■ **Exercise**
In the material below, the required lines run from the one containing "El universo en un solo átomo, Dalai Lama XIV" through the one containing "Trans Lives Matter". Copy those lines exactly, ends included, and nothing else.

■ **Extracted information**
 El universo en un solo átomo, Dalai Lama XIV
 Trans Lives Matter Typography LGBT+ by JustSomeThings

* * *

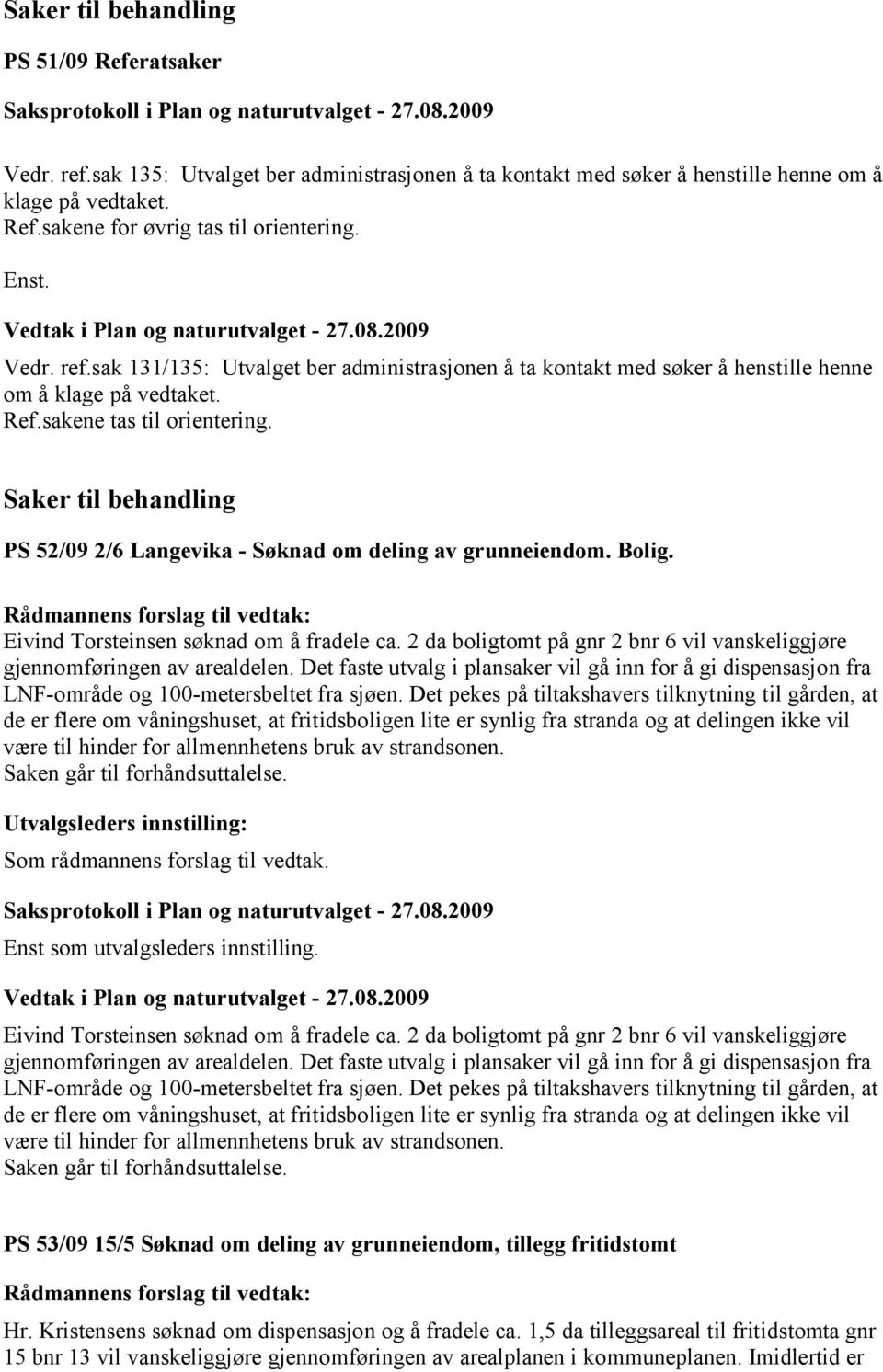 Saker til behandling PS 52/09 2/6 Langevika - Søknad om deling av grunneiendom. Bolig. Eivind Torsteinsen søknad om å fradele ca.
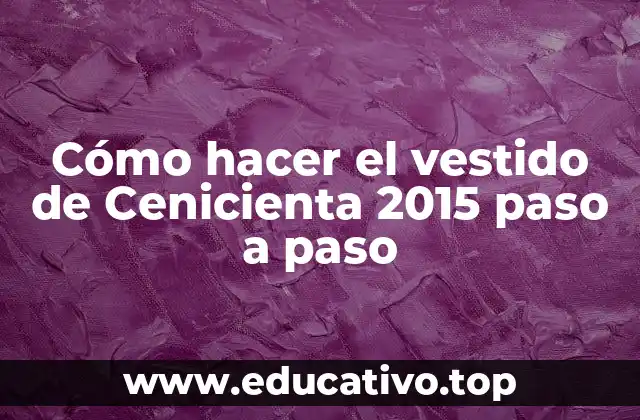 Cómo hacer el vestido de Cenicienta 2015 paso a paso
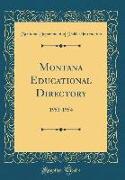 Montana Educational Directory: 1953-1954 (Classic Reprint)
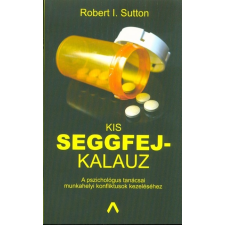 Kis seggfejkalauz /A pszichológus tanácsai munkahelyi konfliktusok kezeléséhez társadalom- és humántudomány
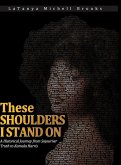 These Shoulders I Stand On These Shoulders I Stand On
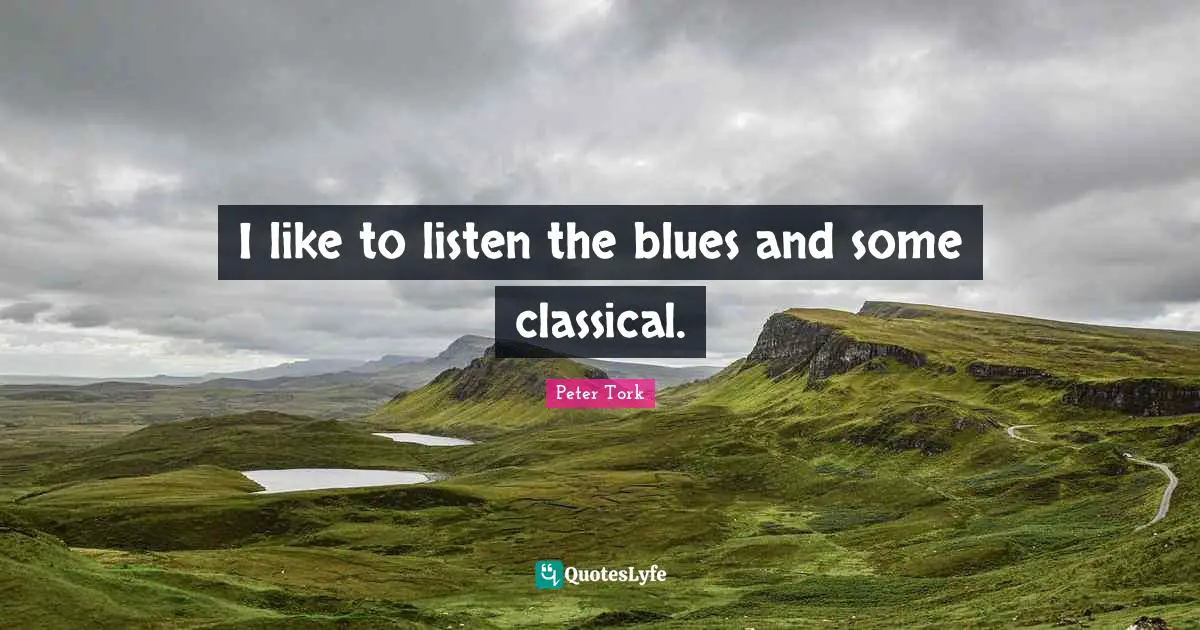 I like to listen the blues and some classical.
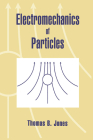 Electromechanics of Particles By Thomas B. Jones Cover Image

--

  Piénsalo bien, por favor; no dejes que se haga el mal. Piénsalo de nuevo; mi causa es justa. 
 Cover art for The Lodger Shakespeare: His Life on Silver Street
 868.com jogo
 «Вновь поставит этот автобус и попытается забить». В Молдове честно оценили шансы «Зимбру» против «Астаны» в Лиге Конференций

■ **Exercise result**
 El universo en un solo átomo, Dalai Lama XIV
 Trans Lives Matter Typography LGBT+ by JustSomeThings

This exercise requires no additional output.